Create a Column with "Join" Date

I have a table:

LOAD * INLINE [
 Onum, CID,    Date  
516, 1, 2020-10-05
557, 2, 2021-04-09
667, 3, 2020-11-15
788, 3, 2021-02-08
556, 2, 2020-10-31
556, 3, 2021-08-09
333, 1, 2021-09-09
444, 1, 2020-10-01
];

 I am attempting to do a cohort analysis, so I am trying to create a column with the cohort data (Year-Month they first purchased ), and rebills for every `CID`. 

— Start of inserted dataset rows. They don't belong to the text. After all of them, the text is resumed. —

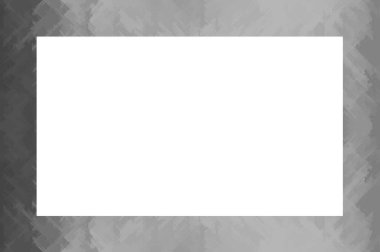 Yaşlı Grunge soyulmuş, soyulmuş, plastik duvarlı, soyulmuş antika çatallı desenli bir çerçeve. Retro Stucco çizilmiş desen. Resim ve Metin için Boş Alan. 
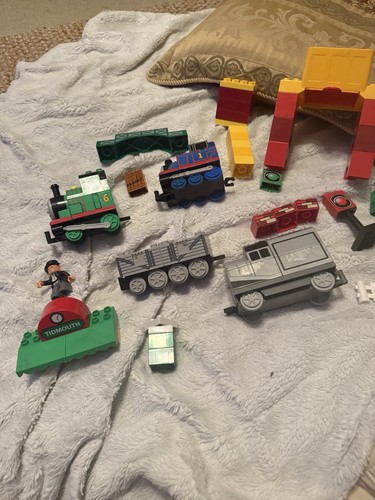 Lego duplo thomas treno - lego, il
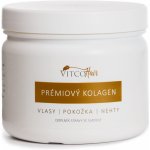 Vitco Herbal VitcoHair Prémiový kolagen na vlasy, nehty a pleť, 30 dávek – Sleviste.cz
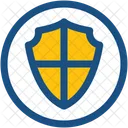 Bouclier Securite Protection Icon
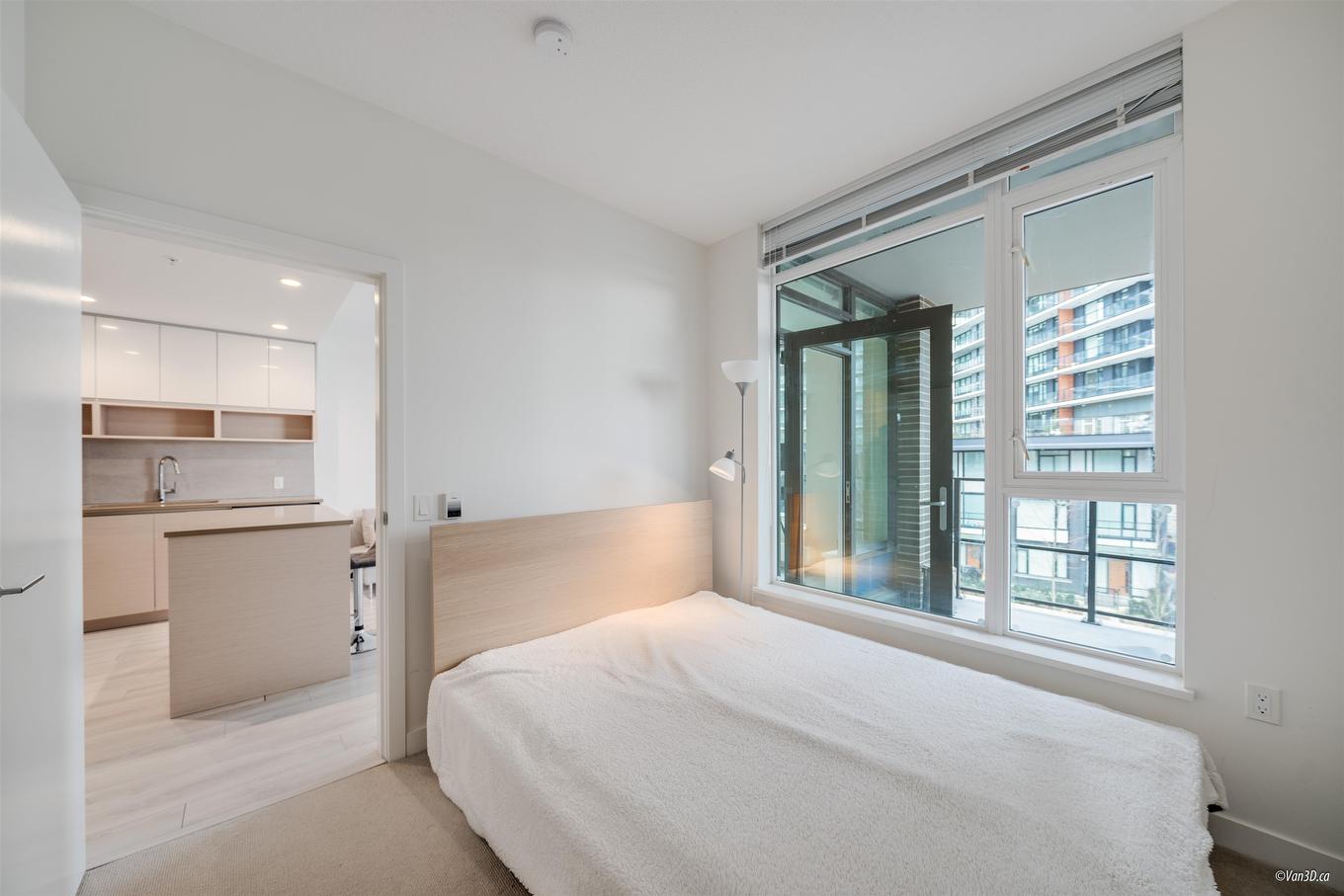 313-8850 University Crescent, Burnaby, BC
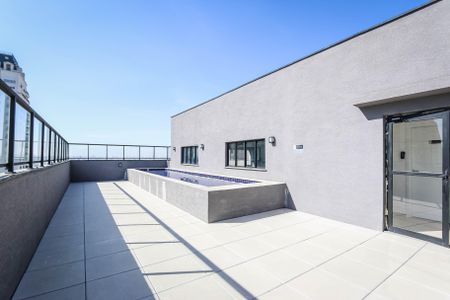 Apartamento para alugar com 28m², 1 quarto e sem vagaÁrea comum - Piscina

For the cohort, the logic would be something like

 

 

Psuedo-code

cohort_column = table.groupby('CID')['Date'] \
                .transform('min') \
                .to_period(Y-M) 

 

 

I want to add two additional columns: One with the cohort date and one with gives the purchase count with respect to the date. So my table should look like:

LOAD * INLINE [
Onum, CID, Date, cohort, count
516, 1, 2020-10-05, 2020-10, 2
333, 1, 2021-09-09, 2020-10, 3
444, 1, 2020-10-01, 2020-10, 1
557, 2, 2021-04-09, 2020-09, 2
556, 2, 2020-09-31, 2020-09, 1
667, 3, 2020-11-15, 2020-11, 1
788, 3, 2021-02-08, 2020-11, 2
556, 3, 2021-08-09, 2020-11, 3 ];

 

 

3 Replies
maxgro
MVP
MVP

If I understand your question, try with this script


t:
LOAD Onum, CID, Date(Date#(Date2, 'YYYY-MM-DD')) as Date2 INLINE [
Onum, CID, Date2, cohort, count
516, 1, 2020-10-05, 2020-10, 2
333, 1, 2021-09-09, 2020-10, 3
444, 1, 2020-10-01, 2020-10, 1
557, 2, 2021-04-09, 2020-09, 2
556, 2, 2020-09-30, 2020-09, 1
667, 3, 2020-11-15, 2020-11, 1
788, 3, 2021-02-08, 2020-11, 2
556, 3, 2021-08-09, 2020-11, 3
];

// calc cohort with a group by
LEFT JOIN (t)
LOAD
CID,
Date(min(Date2), 'YYYY-MM') as cohort
Resident t
GROUP BY CID;

 

// calc count with a resident load order by

t3:
LOAD
*,
IF(cohort = Previous(cohort), peek('count')+1, 1) as count
Resident t
ORDER BY cohort, Date2;

DROP Table t;

 

 

 

maxgro_0-1639774388024.png

 

slacayo
Contributor III
Contributor III
Author

Thanks a lot for the response @maxgro — I will attempt to implement your solution and either follow up with you/mark it as a working solution sometime today. 

slacayo
Contributor III
Contributor III
Author

Hi @maxgro , the first part of your solution works well! 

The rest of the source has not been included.